Task brief: An exact copy of the data is needed, one that excludes all pictures.

Exercise inputs:
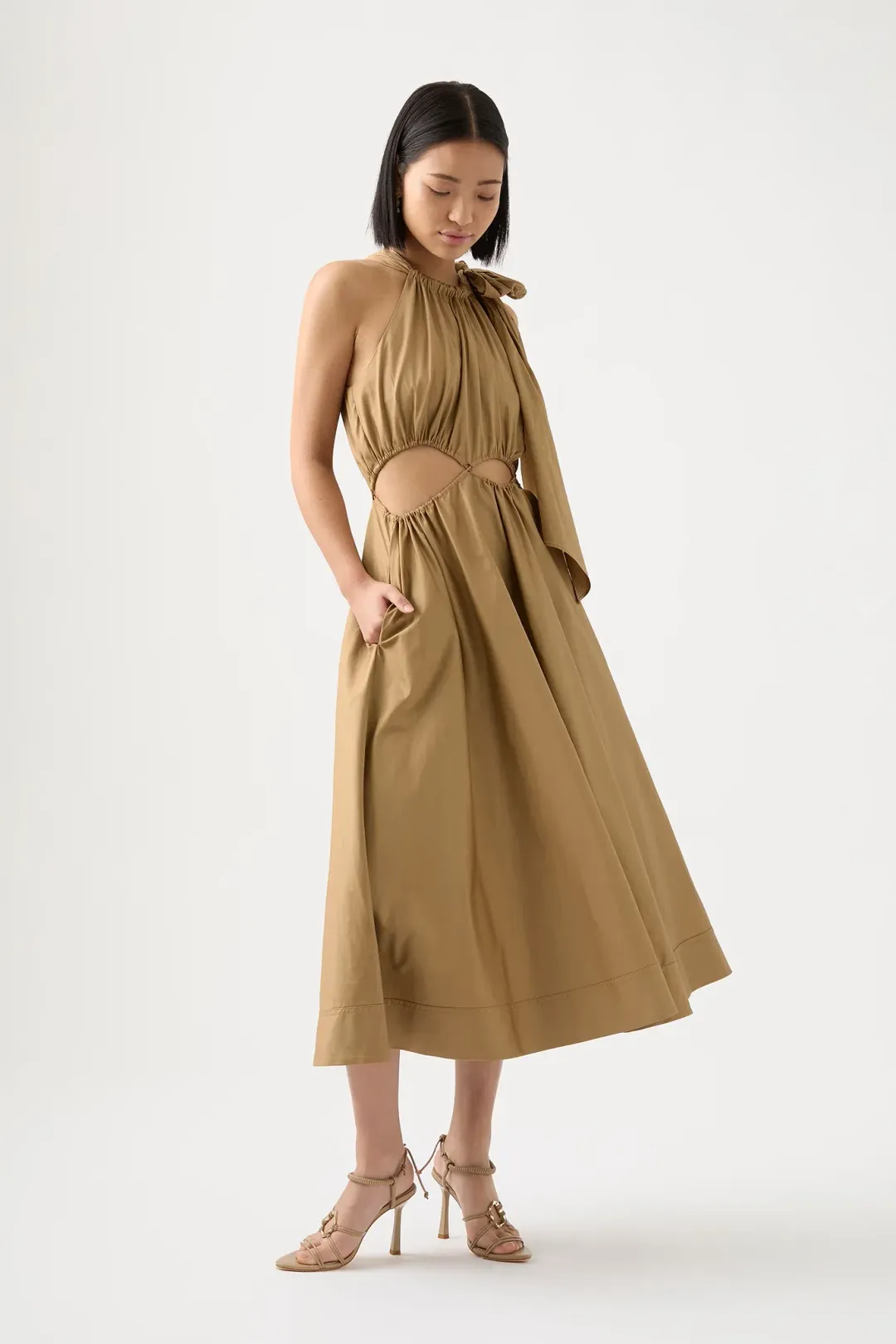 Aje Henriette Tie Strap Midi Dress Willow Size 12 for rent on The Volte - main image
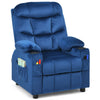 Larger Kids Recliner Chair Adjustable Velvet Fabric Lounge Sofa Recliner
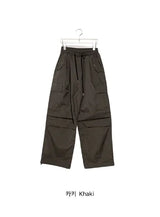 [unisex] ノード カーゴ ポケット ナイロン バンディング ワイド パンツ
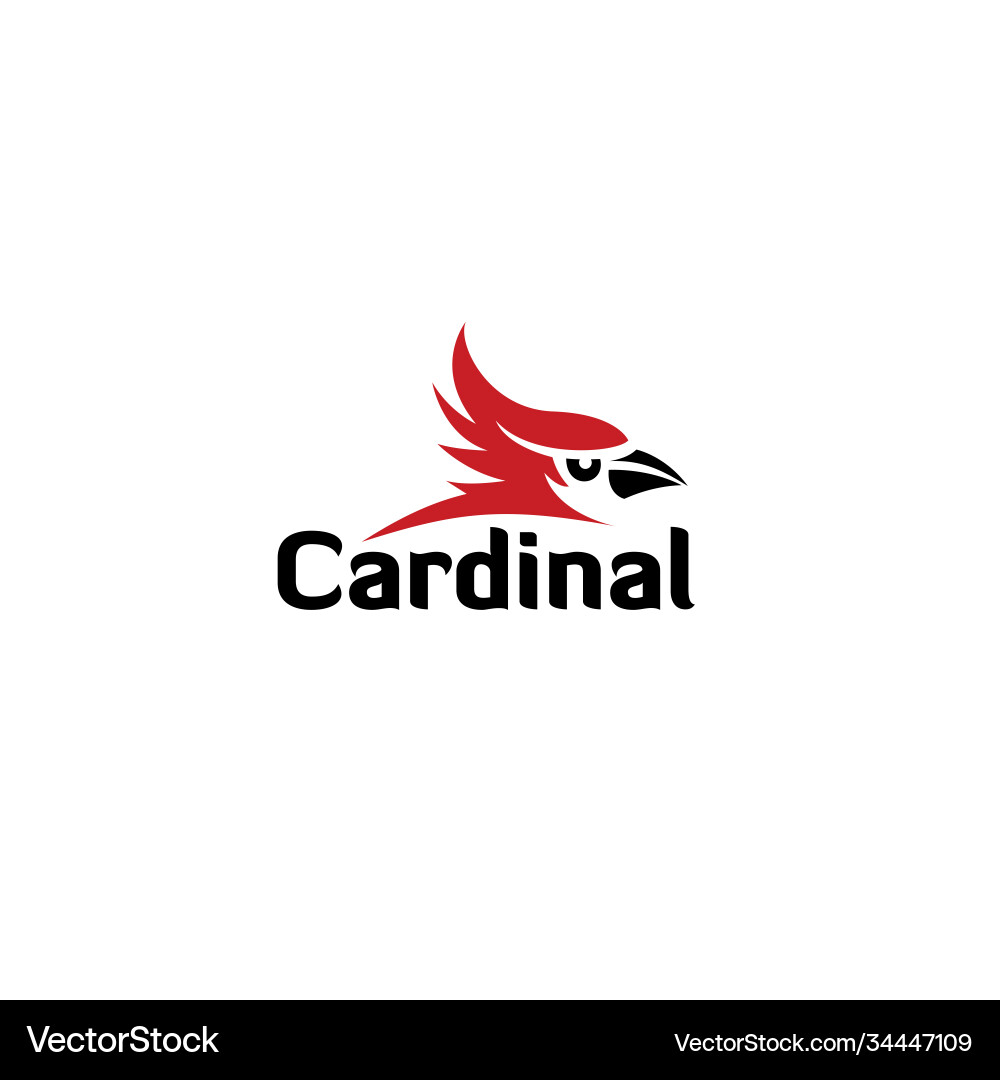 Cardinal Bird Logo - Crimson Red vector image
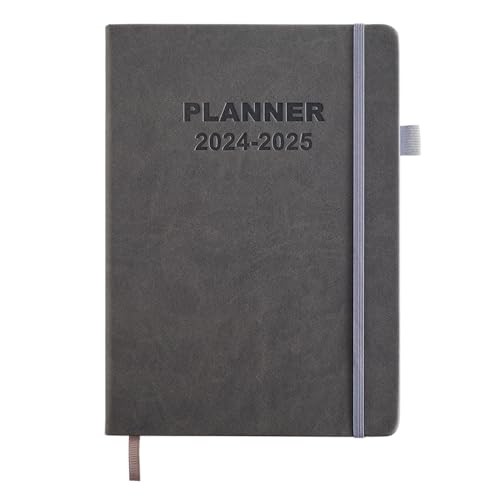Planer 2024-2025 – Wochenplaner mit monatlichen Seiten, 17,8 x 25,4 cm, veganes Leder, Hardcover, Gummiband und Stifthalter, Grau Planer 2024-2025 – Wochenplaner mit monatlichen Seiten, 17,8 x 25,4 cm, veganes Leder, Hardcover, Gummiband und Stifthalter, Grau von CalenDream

Reply to the exercise:
 Aje Henriette Tie Strap Midi Dress Willow Size 12 for rent on The Volte - main image
 Larger Kids Recliner Chair Adjustable Velvet Fabric Lounge Sofa Recliner
 [unisex] ノード カーゴ ポケット ナイロン バンディング ワイド パンツ
 Cardinal Bird Logo - Crimson Red vector image
Planer 2024-2025 – Wochenplaner mit monatlichen Seiten, 17,8 x 25,4 cm, veganes Leder, Hardcover, Gummiband und Stifthalter, Grau Planer 2024-2025 – Wochenplaner mit monatlichen Seiten, 17,8 x 25,4 cm, veganes Leder, Hardcover, Gummiband und Stifthalter, Grau von CalenDream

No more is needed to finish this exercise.